The General Data Protection Regulation (GDPR) is the new European data protection legislation that enters into force on 25th May 2018. It is an important legislation in terms of changes to the organisational measures required for compliance. In particular, GDPR focuses on the use of consent and personal data and provides the data subject with several rights. These new changes have spurred innovation within the community - both in the industry as well as in academia – - that targets compliance with the various obligations of the GDPR. While such solutions claim assistance to the various provisions of the GDPR, comparing and collecting such solutions is a difficult undertaking due to the inability of consolidating them in an efficient manner.

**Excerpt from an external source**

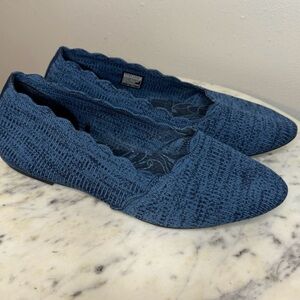 Gorgeous Cobalt Blue Skechers Lace Stretch Flats 8M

A lack of method to address specific sections of the GDPR prevents related methods from being linked together in a uniform and consistent manner. This creates challenges in the comparison of their degree and scopes, especially regarding metrics of solutions that claim to assist in compliance. This hampers progress as it limits the findability of information related to a particular resource - in this case a concept or a point within the GDPR text.
Since particular points and concepts within a legislation are referred to using a form of numbering system, for example - Article 5(1) refers to the first point within Article 5, this can be used to create URIs that refer to each distinct resource within the GDPR. Using these URIs it is possible to define information targetting or referring to specific points or concepts. In this manner, legal resources and concepts within GDPR can be linked to each other as well to other resources.

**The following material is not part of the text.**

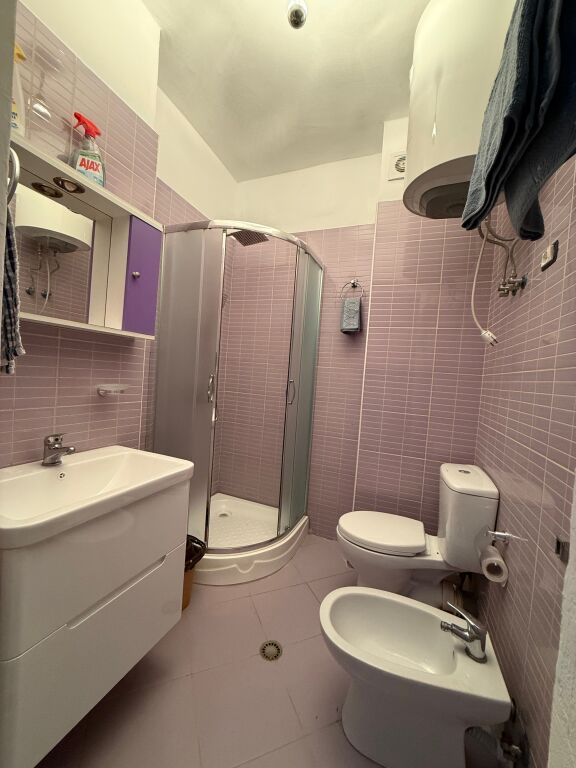 Appartamento - In Affitto - Yzberisht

Organisations and researchers gain the advantage through this of linking queries and results directly to the relevant text of GDPR, thereby making it possible to record and measure solutions for compliance towards specific obligations. The same approach can also be used in linking related legislations to the GDPR. Such links between associated information offer the benefit of being machine-readable and therefore can be queried and acted upon in an automated manner.
Through this paper and its associated resources, we aim to alleviate the above discussed limitation of legal text and demonstrate the application of FAIR principles to link together information associated with the GDPR and its compliance. To this effect, we present GDPR text extensions (GDPRtEXT), which consists of GDPR text defined as a DCAT catalog containing the official text as well as created RDF resources as datasets, and a SKOS ontology defining concepts related to GDPR. An application of GDPRtEXT is presented in the form of linking GDPR with its predecessor - the Data Protection Directive (DPD) - to facilitate the adoption of existing solutions in addressing GDPR. All resources described are documented and available online1 under the CC-by-4.0 license2.
The rest of the paper is structured in the following manner - Section 2 discusses the motivation and creation of the GDPR linked data resource and GDPRtEXT ontology. Section 3 contains the mapping between DPD and GDPR obligations. Section 4 describes the related work. Section 5 discusses potential applications and benefits to the community. Section 6 concludes the paper with a discussion of future work.
Creation of resource
In our previous work involving the GDPR –, we faced challenges in referring to GDPR concepts and obligations as well as in consolidating information referring to particular obligations. In light of this, we initially used the solution of assigning a permanent URI to each point in the text using HTML fragments so as to refer to them as linkable resources. Later, we extended this approach to create a RDF dataset that could be used in other works and queried using SPARQL. In light of its usefulness and benefits to the community, we removed the project specific artefacts to provide it as an open resource.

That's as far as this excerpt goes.